SUPPLIED MATERIAL
-=-=-=-=-
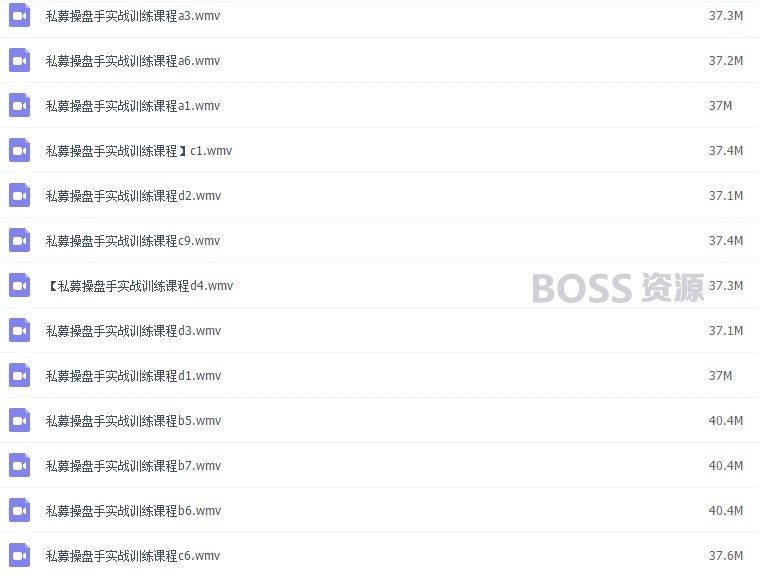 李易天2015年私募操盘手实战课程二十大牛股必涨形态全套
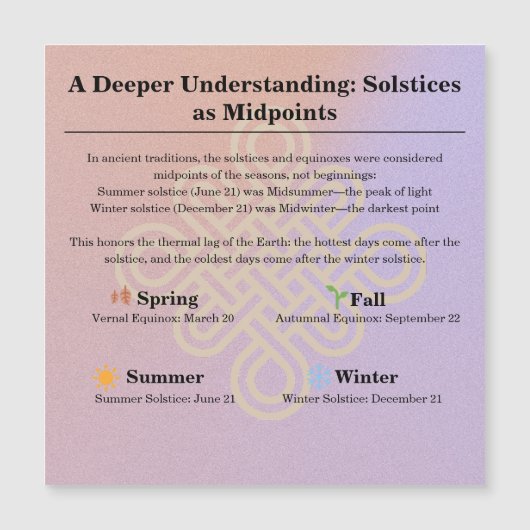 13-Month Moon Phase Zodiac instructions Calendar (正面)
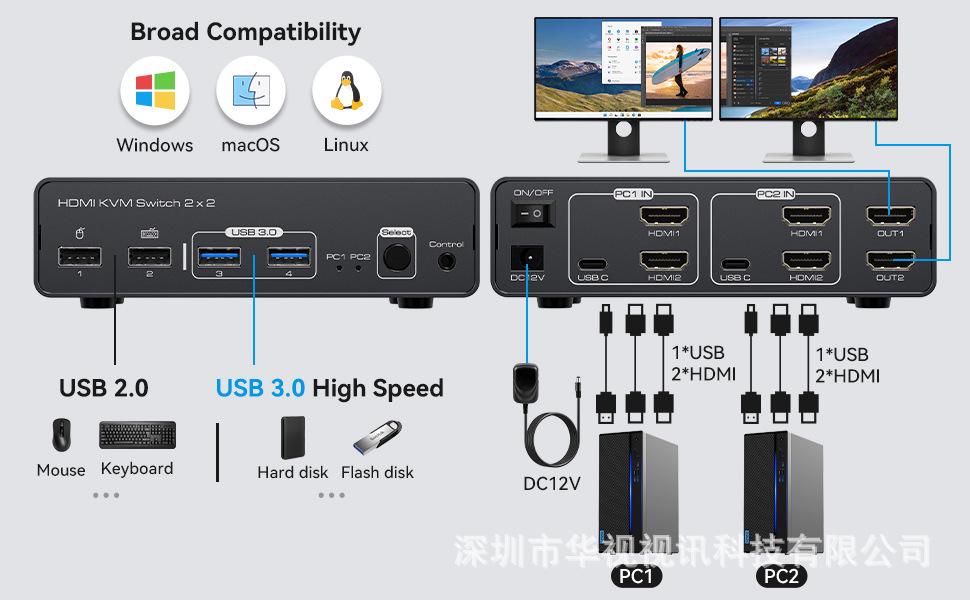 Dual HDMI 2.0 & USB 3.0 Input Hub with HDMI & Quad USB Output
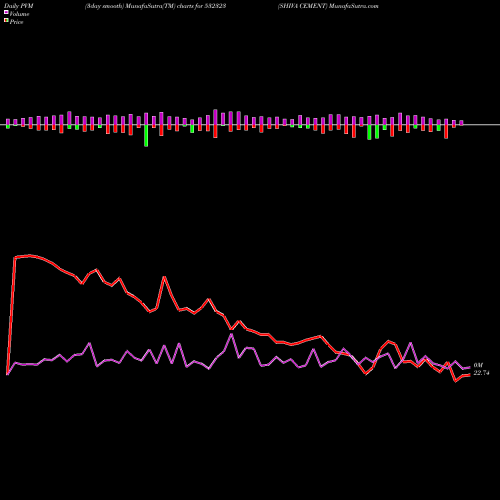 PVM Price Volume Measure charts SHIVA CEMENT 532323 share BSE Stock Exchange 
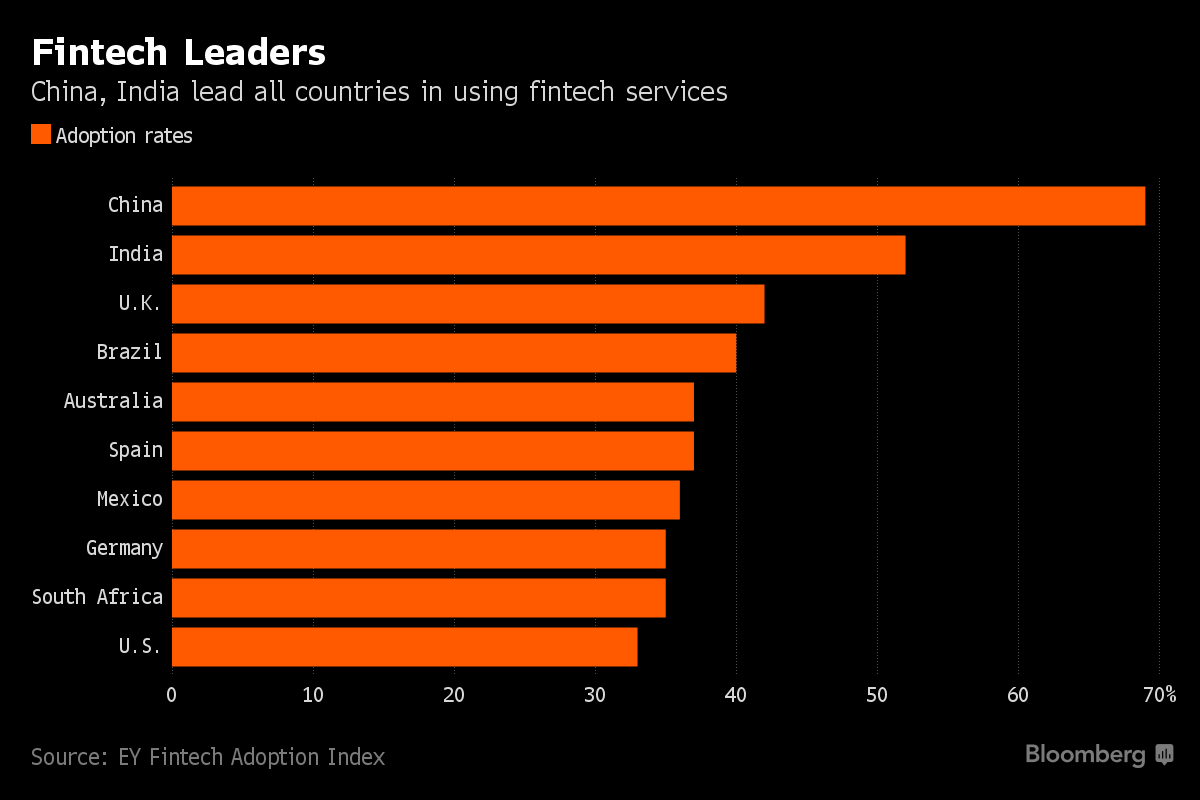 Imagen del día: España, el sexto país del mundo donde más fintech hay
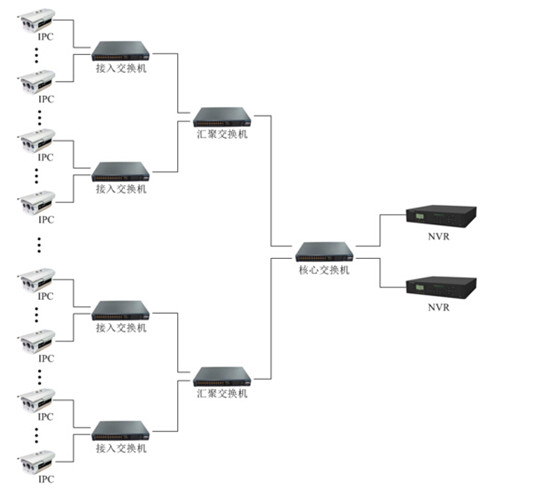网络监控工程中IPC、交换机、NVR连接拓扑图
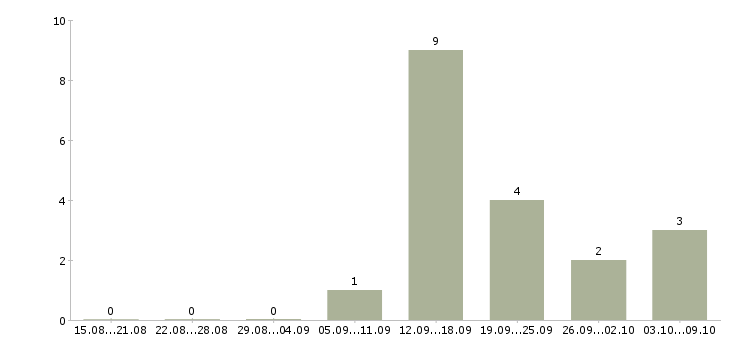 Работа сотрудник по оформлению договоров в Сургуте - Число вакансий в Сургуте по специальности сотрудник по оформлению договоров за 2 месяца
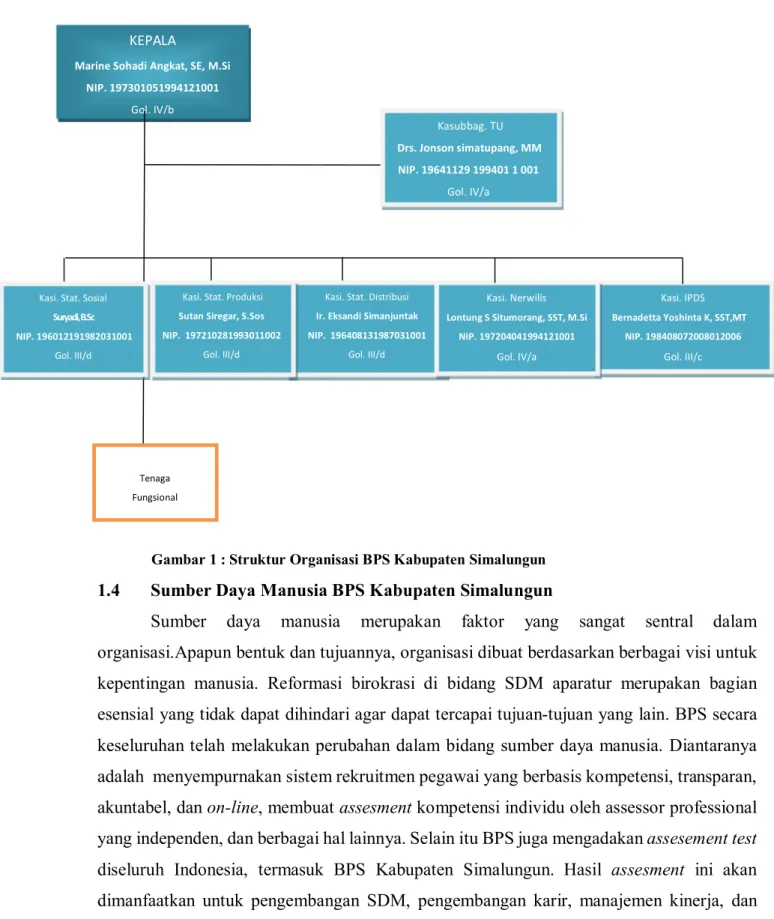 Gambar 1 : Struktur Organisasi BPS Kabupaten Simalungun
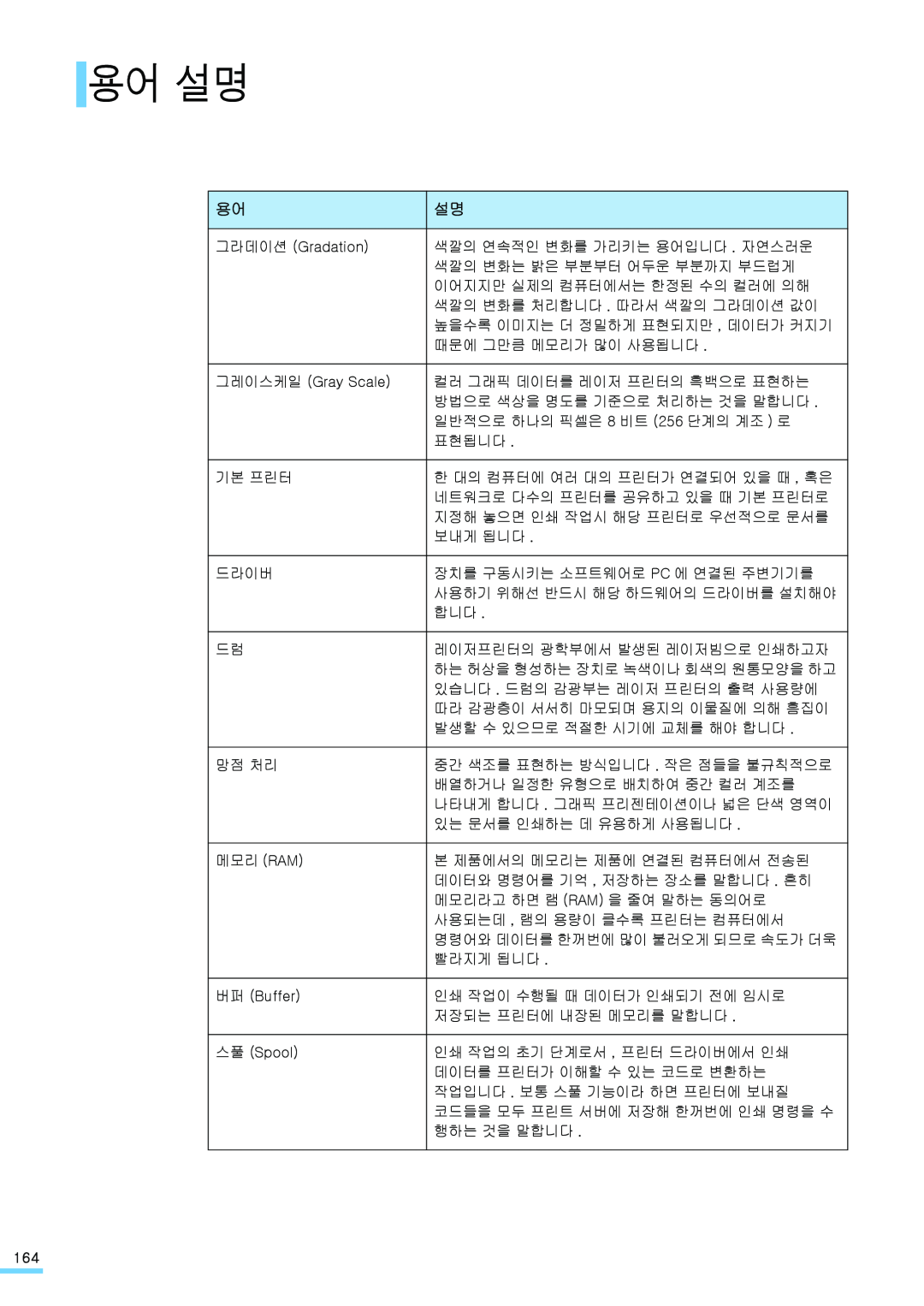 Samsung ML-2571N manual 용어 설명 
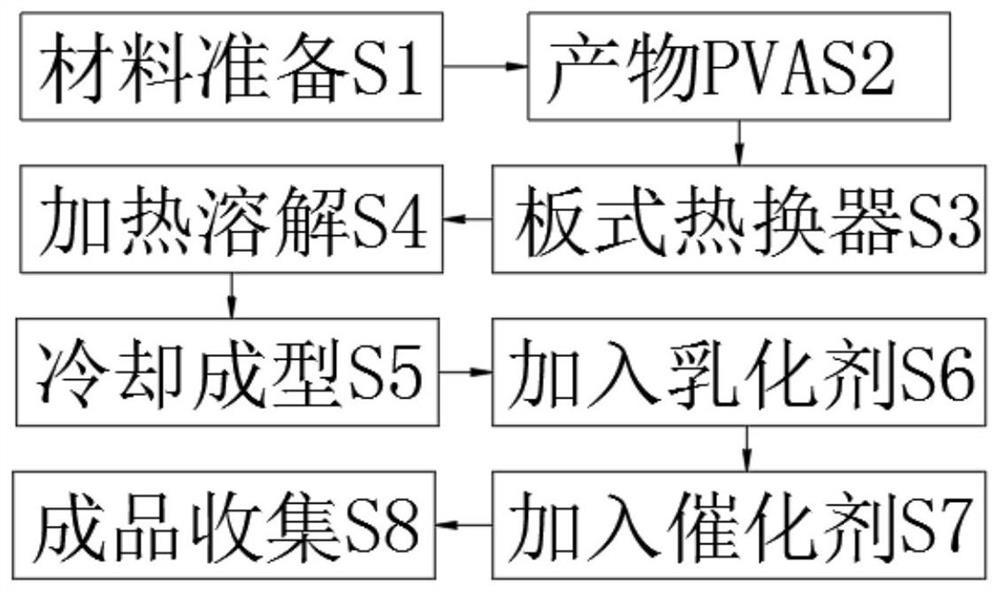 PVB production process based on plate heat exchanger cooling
-=-=-=-=-
Without including any pictures, set down word for word every line from the one containing "Dual HDMI 2.0" through the last line of the material.

 Dual HDMI 2.0 & USB 3.0 Input Hub with HDMI & Quad USB Output
 PVM Price Volume Measure charts SHIVA CEMENT 532323 share BSE Stock Exchange 
 Imagen del día: España, el sexto país del mundo donde más fintech hay
网络监控工程中IPC、交换机、NVR连接拓扑图
 Работа сотрудник по оформлению договоров в Сургуте - Число вакансий в Сургуте по специальности сотрудник по оформлению договоров за 2 месяца
 Gambar 1 : Struktur Organisasi BPS Kabupaten Simalungun
 Samsung ML-2571N manual 용어 설명 
 PVB production process based on plate heat exchanger cooling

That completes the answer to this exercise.